Cook is a professor of musicology, and was formerly the academic associate dean for the Arts and Humanities in the Graduate School and director of the School of Music. She also held the Walt Whitman Chair in American Culture Studies as part of the Fulbright Distinguished Teaching Program in the Netherlands.
Cook’s teaching and research focuses on contemporary and American music of all kinds and demonstrates her abiding interest in feminist methodologies and cultural criticism. The author of Opera for a New Republic, she also co-edited 2 volumes of essays, Cecilia Reclaimed and most recently Bodies of Sound: Studies Across Popular Music and Dance, in collaboration with dance historian Sherril Dodds. As director of the School of Music, Cook played a critical role in the Hamel Music Center building campaign, as well as leading discussions on the department’s strategic vision and mission.

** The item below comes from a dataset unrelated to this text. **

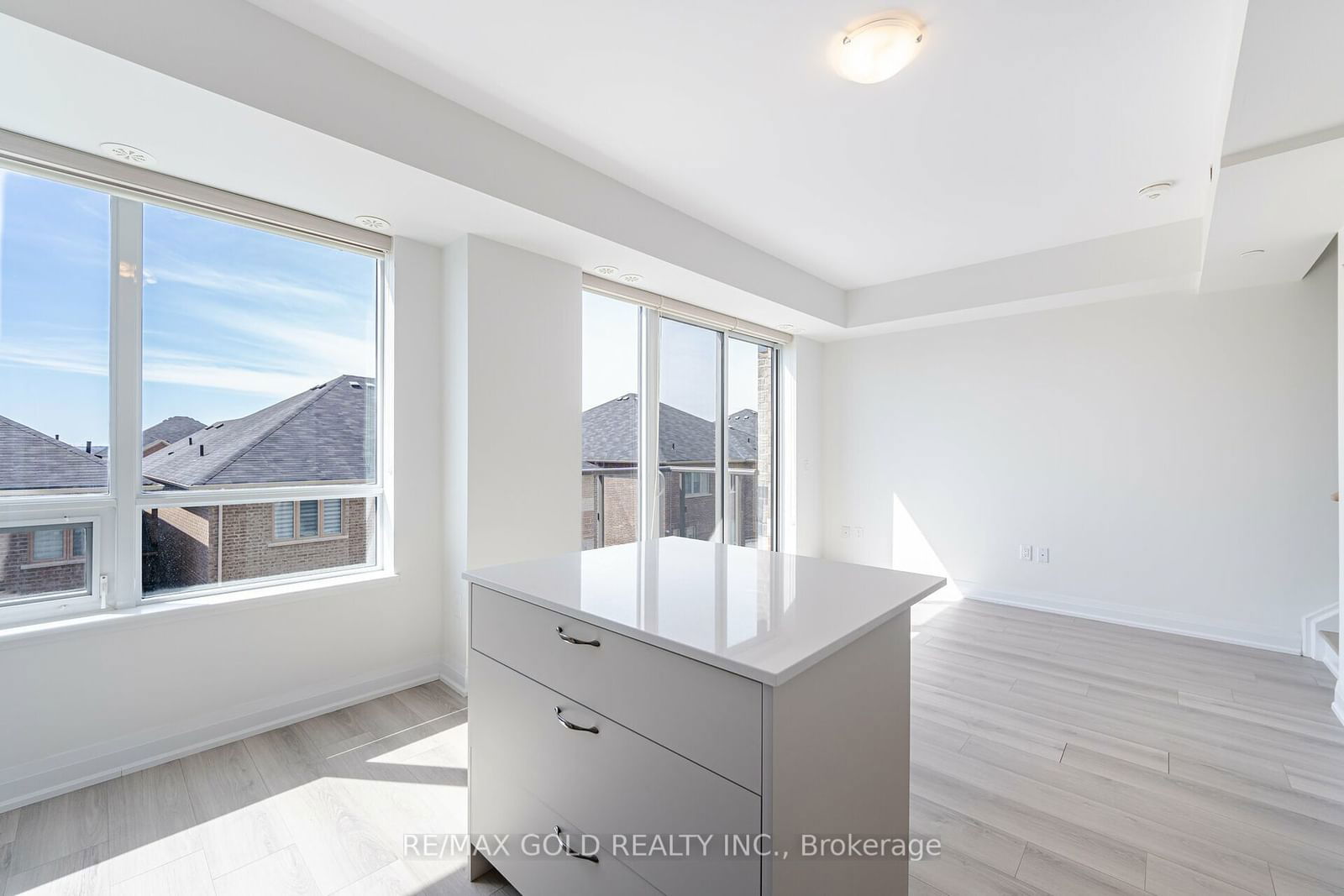 65 Attmar Dr, unit 364 for sale - image #13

Professor of Voice Paul Rowe has also served on the voice faculties of the University of Wisconsin–Stevens Point, Vanderbilt University, State University of New York at Purchase, Lehigh University and Nazareth College of Rochester, the Berkshire Choral Festival, and the Tennessee State Governor’s School. He was the Artistic Director of the Madison Early Music Festival, an annual festival he helped found in 2000.
Rowe has maintained a wide ranging performing career throughout the United States for the past 20 years. He has performed with many of the leading American musical organizations including the Boston Symphony Orchestra conducted by Seiji Ozawa at Symphony Hall in Boston and Carnegie Hall in New York, American Ballet Theater at the Metropolitan Opera and Kennedy Center, and Musica Sacra at Carnegie Hall and Alice Tully Hall. He has appeared as well with the Baltimore Choral Arts Society, Smithsonian Chamber Players, the Alabama and Arkansas symphony orchestras, the Folger Consort, and the Ensemble for Early Music, among many other groups.